I feel like my life is starting at thirty.

-11 and Smiling

...As much as you transform the land by farming, farming transforms you. It seeps into your skin along with the dirt that abides permanently in the creases of your thickened hands, the beds of your nails. It asks so much of your body that if you're not careful it can wreck you surely as any vice by the time you're fifty, when you wake up and find yourself with ruined knees and dysfunctional shoulders, deaf from the constant clank and rattle of machinery, and broke to boot. But farming takes root in you and crowds out other endeavors, makes them seem paltry. Your acres become a world. And maybe you realize that is beyond those acres or in your distant past, back in the realm of TiVo and cubicles of take-out food and central heat and air, in a country where discomfort has nearly disappeared, that you were deprived. Deprived of the pleasure of desire, of effort and difficulty and meaningful accomplishment. A farm asks, and if you don't give enough, the primordial forces of death and wildness will overrun you. So naturally you give, and then you give some more, and then you give to the point of breaking and then and only then it gives back, so bountifully it overfills not only your root cellar but also that parched and weedy little patch we call the soul.

-Kristin Kimball
The Dirty Life

Wednesday, January 2, 2013

Heat & Food

It is January 2nd and there are chicks in the house! Can you believe that? Soon as I found the two babes and the remaining four, unhatched, eggs I brought them all inside. They are in my back mudroom under a headlamp in a large 50-chick brooder. They (and mama, a tough 2-year old Pumpkin Husley from Greenfire Farms) are doing well. She is sitting on them and the other four eggs and I kinda hope more hatch. Seeing the chicks in this bleak time of year is like seeing a snap pea shoot, or hearing a frail on a banjo in double C tuning—it means spring.

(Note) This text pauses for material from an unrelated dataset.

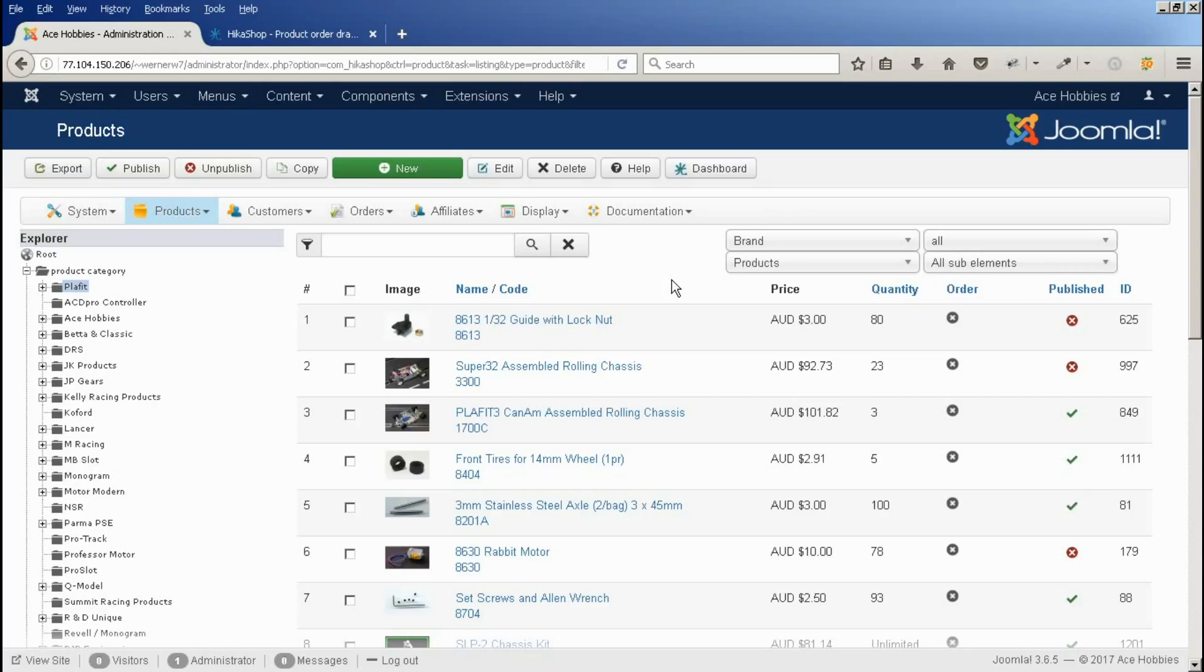In this tutorial we're going to look at how to change the order that the products appear on the front of the website using the HikerShop shopping cart.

Spring is a while off. I need to plan for so much. Lambing, the new garden, milking goats, acquiring new bees (Meg Paska, nudge nudge) and finishing up edits on my new book coming out in October. Part of me is excited for all that, but another part of me (and if I am honest, the majority of me) is enjoying this winter vacation. Right now my life is all about firewood and chores. Heat and food. That's the name of the game.

I need to figure a lot of things out. More firewood needs to be ordered, more hay delivered, and I am behind on some bills. But plans are in full swing to get ahead of the chaos and I'm writing you from a farmhouse up to date on its mortgage and utilities. I need to remember, when things feel out of hand, how in-hand they really are. I may not be ahead of the game but I am off the bench. Things are getting done, goals being met, and dreams being planned.

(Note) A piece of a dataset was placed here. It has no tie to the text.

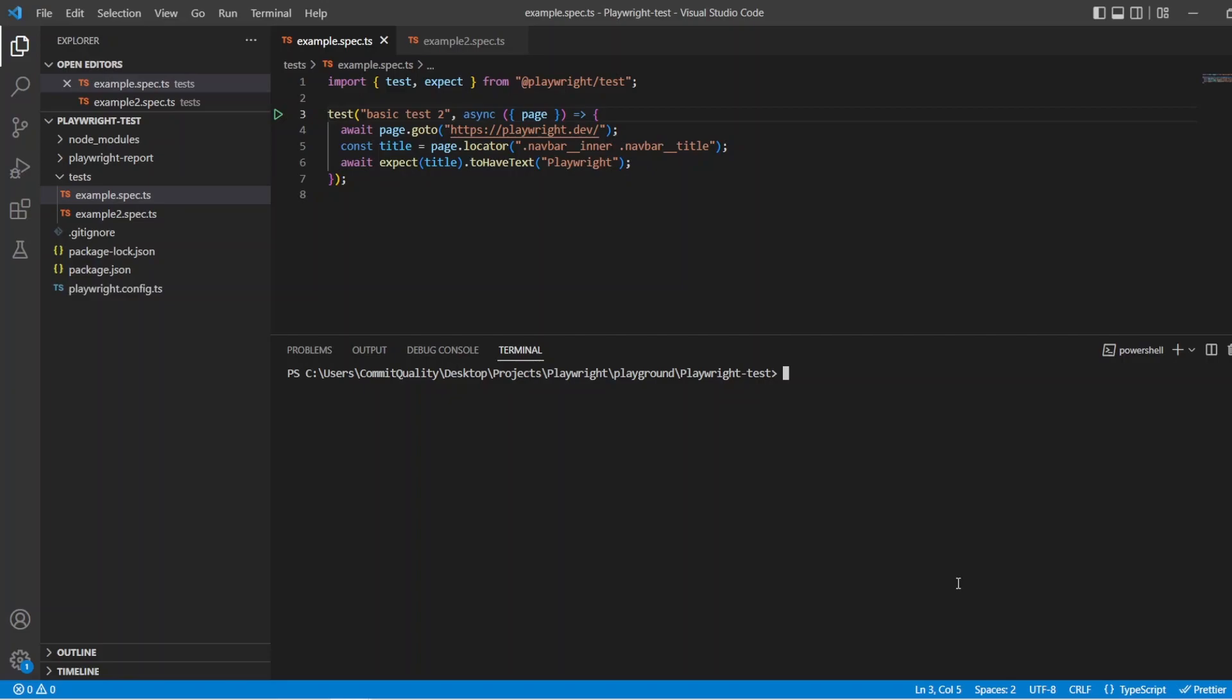Hello, this is Jared from Commit Quality and today we are going to go over command line options offered by Playwright. The chances are if you are watching this video you have already used the command line to execute your Playwright tests and this would be using the npx playwright test command.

It feels good. It feels like the world is rotating and my claw marks are making it turn. I wish that last sentence was mine, but those of you who know my favorite story know that line belongs to another fast, fast dog.

I Heard Them Behind the Woodpile

Merlin's Bow

Pulled a tuff of Merlin's mane out of his curry comb. It was long and when I pulled on it, felt strong. So I tied it up to an antler and slid a cake of rosin up and down the black strands. I played it on my fiddle and it rang out with that sweet music, clear and strong. It sounded better than any bow I ever bought. I am going to make a proper bow out of some green wood and some more of Merlin's hair. I don't know of many black-haired bows but I am excited to create one.